[RECORDED INFORMATION]
□ □ □
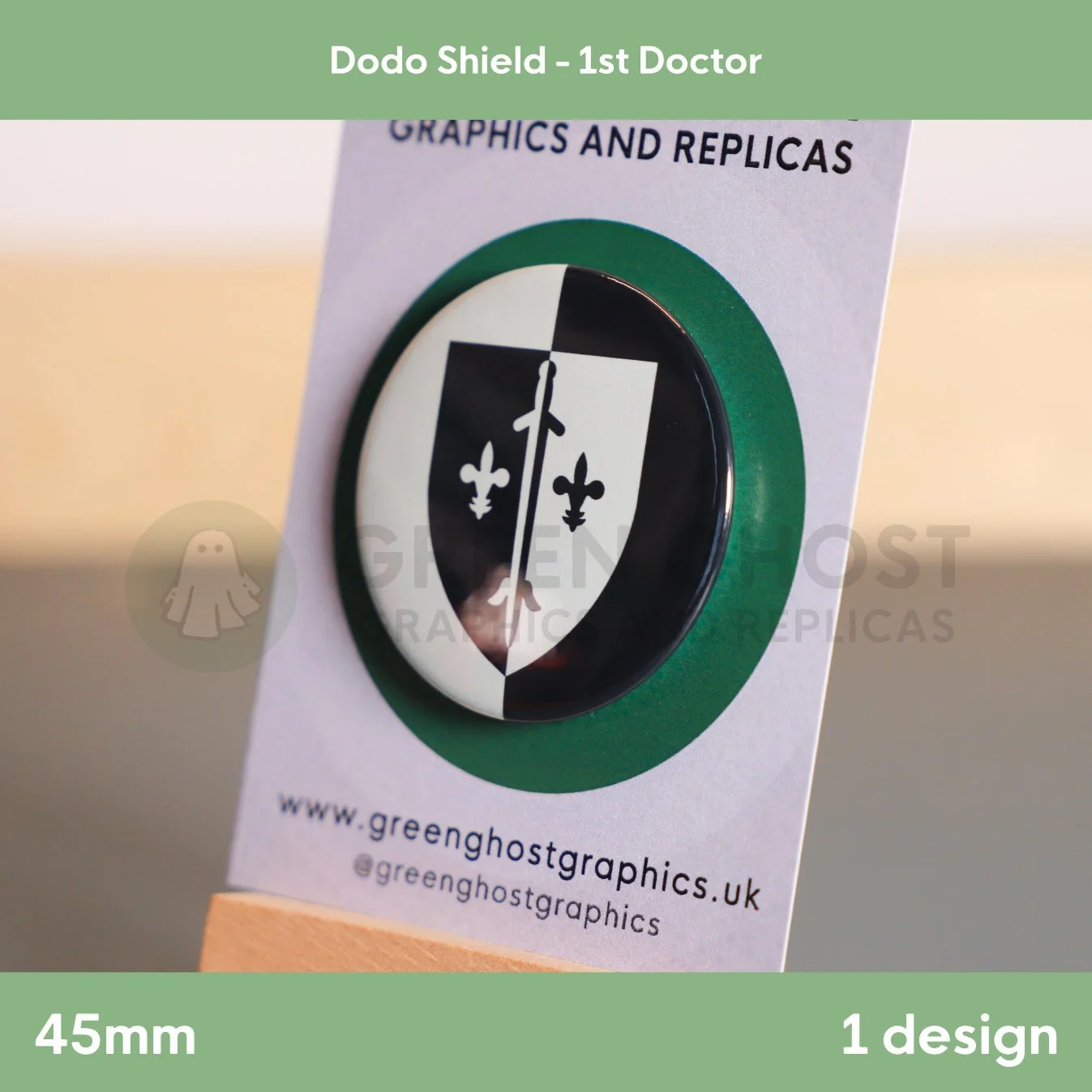 A round badge with a split black and white shield and central line design attached to a branded display card.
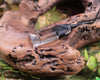 Toki pendant carved from Smokey Quartz
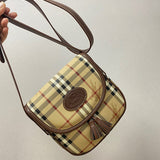 Ziva's Charm handbag – side angle view (one versatile size)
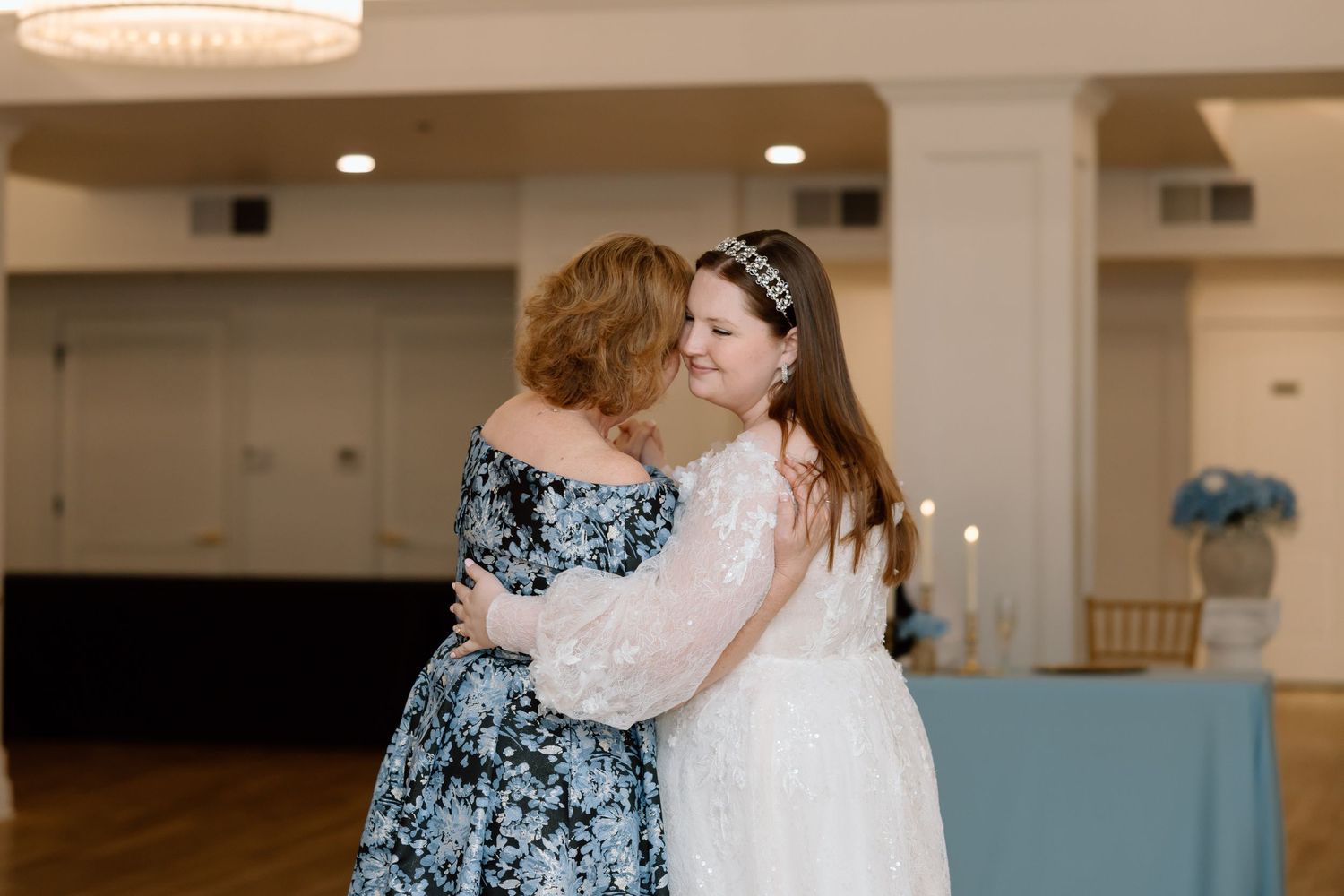 A bride in a white lace gown embraces a woman in a floral dress at a wedding reception.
□ □ □
[EXERCISE]
Repeat the material above word for word and skip every image in it.

[TASK OUTPUT]
 A round badge with a split black and white shield and central line design attached to a branded display card.
 Toki pendant carved from Smokey Quartz
 Ziva's Charm handbag – side angle view (one versatile size)
 A bride in a white lace gown embraces a woman in a floral dress at a wedding reception.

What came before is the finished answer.